Frequent trading is folly. The strategy of “tax deferral” that you won’t sell until you die
This is an FP1級 expert who operates assets of 150 million yen.
Profit-taking is an act of throwing away the initial capital
Can you face the fact that when you sell stocks, about 20% of the profit is forcibly taxed as taxes? This is not merely a cost. It is the act of cutting and discarding the strongest initial capital that should have grown like a snowball in your wallet due to compound interest.
Think in concrete numbers. Suppose you have a 1,000,000 yen unrealized gain here. If you sell, about 200,000 yen will be seized, and the amount available for reinvestment will drop to 800,000 yen. On the other hand, if you do not sell, you can keep the full 1,000,000 yen in operation.
Have you ever calculated how much asset disparity will be created after 10 or 20 years due to that 200,000 yen difference when it compounds? A person who cannot punch that calculator has no right to build wealth.

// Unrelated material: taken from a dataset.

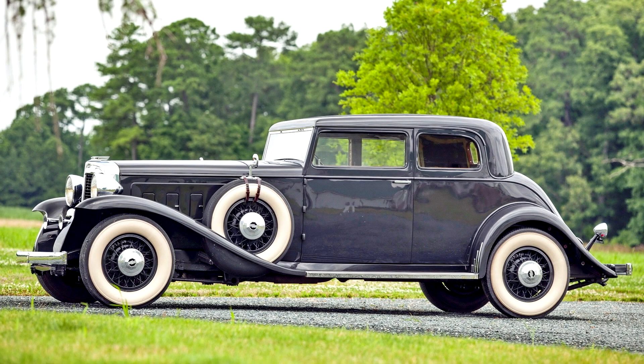Of the eight coachwork designs offered, one of the best proportioned is the Victoria Coupe, as evidenced here. Despite a length of more than 18 feet, the styling manages to make the car appear squat, sporting and muscular.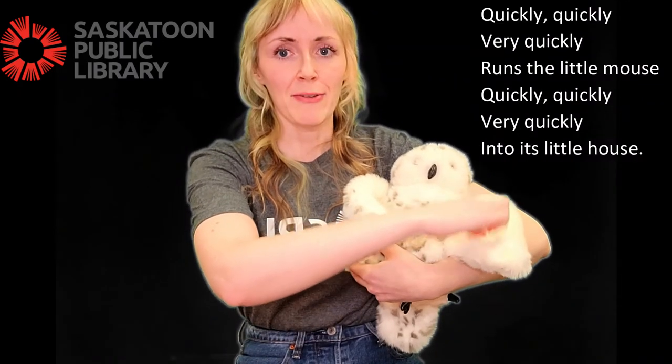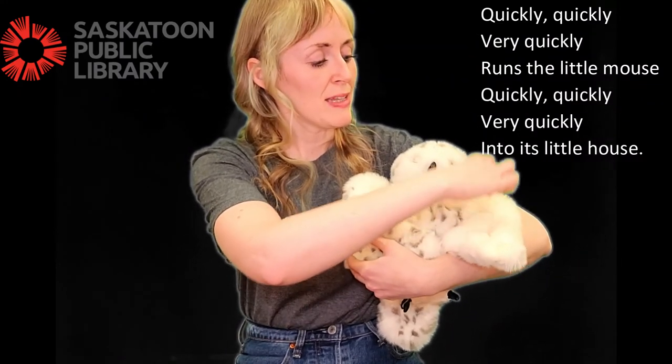Quickly, quickly, very quickly, runs a little mouse. Quickly, quickly, very quickly, into its little house.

Tax deferral is the strongest strategy
The strongest and legal tax strategy available to investors. It is not NISA or iDeCo. It is “not selling.” This is the scheme of “deferring taxation.”
Unrealized gains are not taxed. The state can only tax you the moment you lock in profits. Therefore, it makes sense to postpone that realization and keep even the money you would have paid as tax in operation. Postpone payments to the future and maximize liquidity on hand. This is a standard tactic used in corporate finance as well.
Conclusion
Those who trade frequently are not investors. They are merely “tax payment volunteers” who pay commissions to securities firms and taxes to the government.
If you truly want to build wealth, do not let your emotions drive profit-taking. Resolve to “never sell until death” and exhaust the power of compound interest to the bone.